Michael Goodman for ENR
A federal indictment says Wolff intentionally conspired to bill the U.S. Agency for International Development "at knowingly inflated rates" for contracts in Iraq and Afghanistan.

Derish Wolff, former CEO of Louis Berger Group, is scheduled to be arraigned on Nov. 9 on federal charges that he led a plan to intentionally inflate overhead charges on hundreds of millions of dollars in federal contracts over nearly 20 years. A tentative trial date is likely to be set at that appearance.
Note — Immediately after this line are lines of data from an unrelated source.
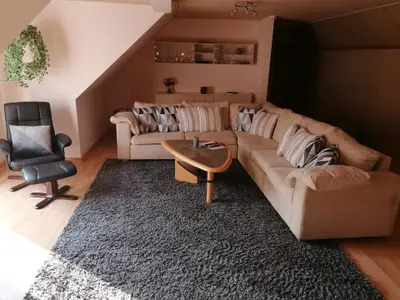 Ferienwohnung für 2 Personen (80 m²) in Fjerritslev 3/10
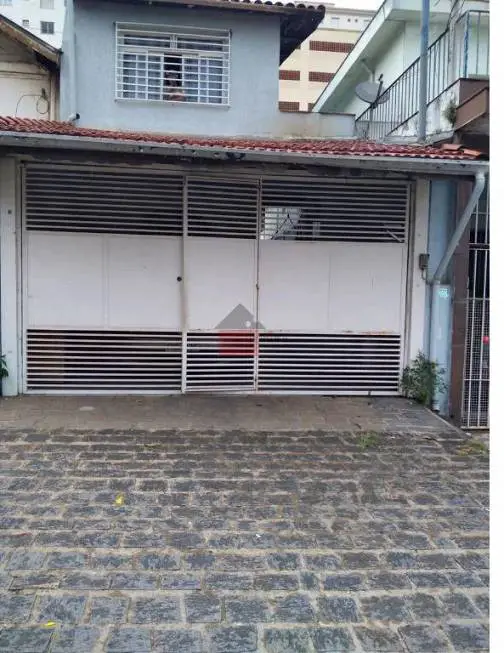 Foto 1 de Sobrado com 5 Quartos à venda, 220m² em Cambuci, São Paulo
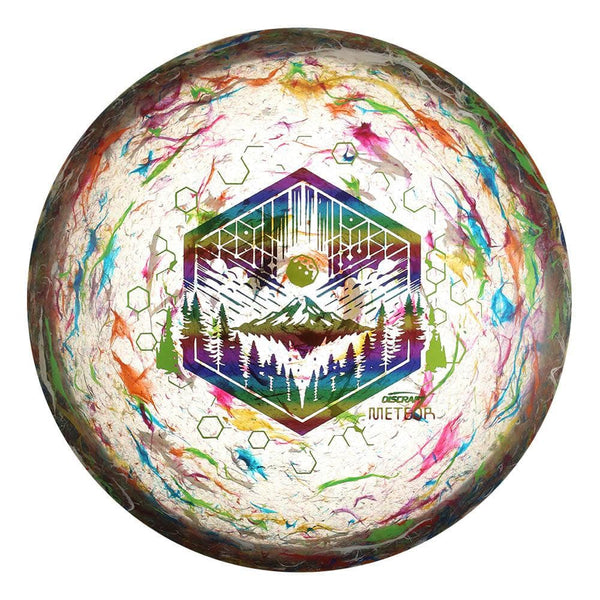 #50 (Rainbow) 175-176 Cascade Challenge JBZ Flx Meteor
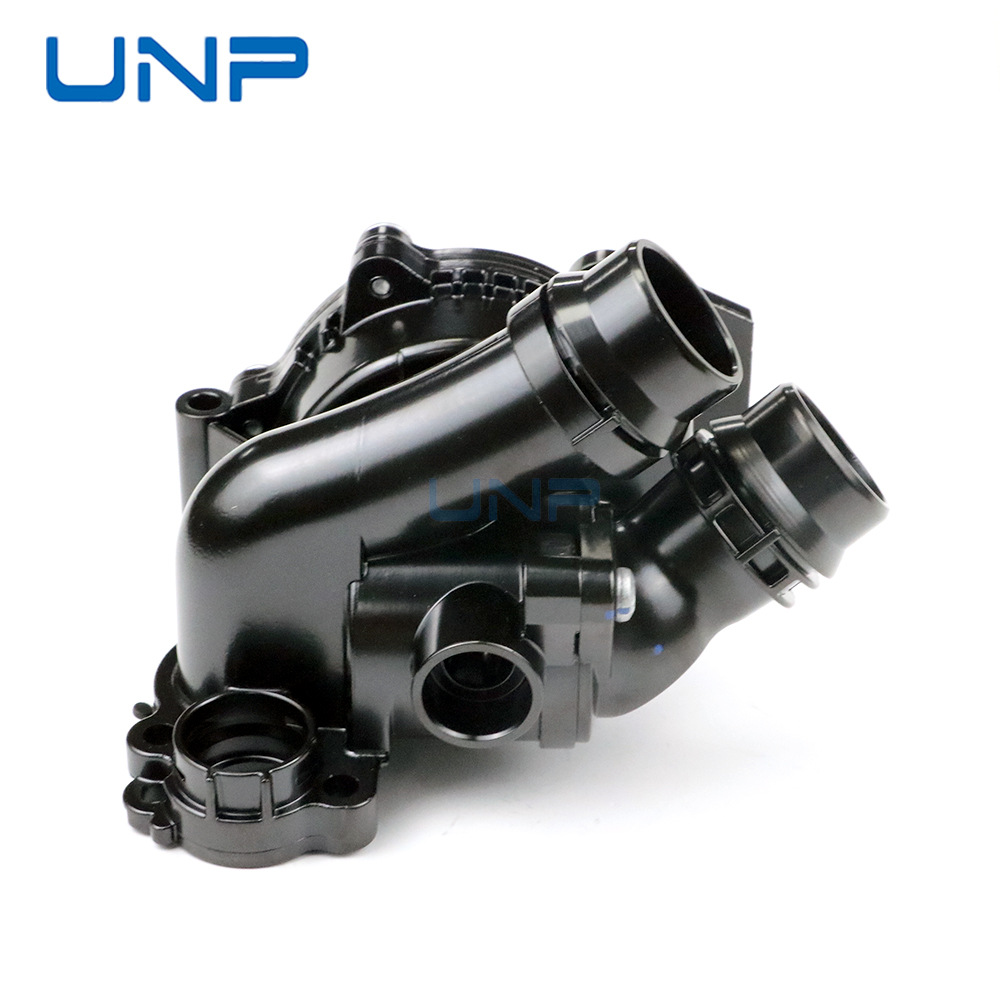 06H121026Dd 06H121026N Is Suitable for the Second-Generation Ea888 Volkswagen Sagitar, Magotan, Tiguan Cooling Water Pump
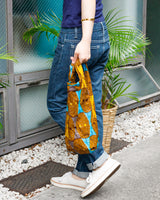 マルシェバッグS - シェルアイスクリーム -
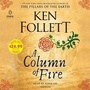 Bild: A Column of Fire - Penguin Audio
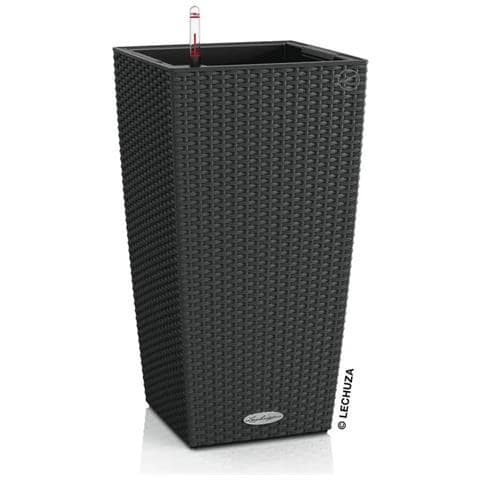Fioriera Cubico Cottage 40 All-in-one Granito - Foto 1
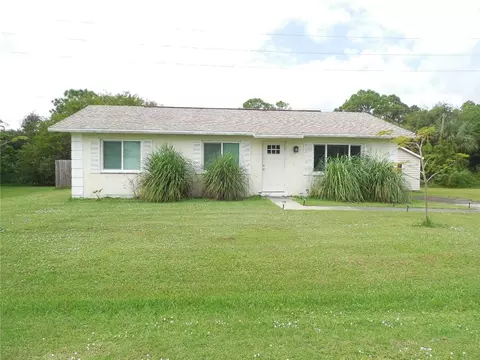 9570 Honeysuckle Dr, Micco, FL 32976 photo 1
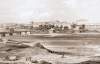 Richmond, Virginia, 1854, from the south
An indictment unsealed on Oct. 20 in U.S. District Court in Newark, N.J., says Wolff intentionally conspired to bill the U.S. Agency for International Development "at knowingly inflated rates" for contracts in Iraq and Afghanistan. They include "cost-plus" or cost-reimbursable contacts totaling more than $818 million from 2002 through 2006.

Attorneys for Wolff, president and CEO of Louis Berger Group from 1982 until 2002 and chairman of parent Berger Group Holdings Inc. from 2002 until Aug. 13, 2010, did not return ENR's calls, but one of his attorneys has been quoted as saying Wolff is not guilty.

The indictment says that, at the company's September 2001 annual meeting, then-Controller Salvatore Pepe presented an overhead rate well below the target Wolff had set. The indictment says Wolff called Pepe an "assassin" of the rate and ordered him to target a rate exceeding 140% of the actual labor costs. The government says that in response to Wolff's directive, Pepe and Precy Pellettieri, another Berger official, developed a "fraudulent scheme" to reclassify some employees' hours to indicate they had worked on the federal projects when they did not. It says the reclassifying went on from about 2003 through 2007 without the workers' knowledge.

The company said those associated with the charges "are no longer with the company" and that it has changed accounting controls and "remains fully eligible" to work for federal, state and local governments. On Nov. 5, 2010, Pepe and Pellettieri pleaded guilty to charges of conspiracy, and the company agreed to pay $69.3 million to settle criminal and civil charges related to activity by Wolff and others.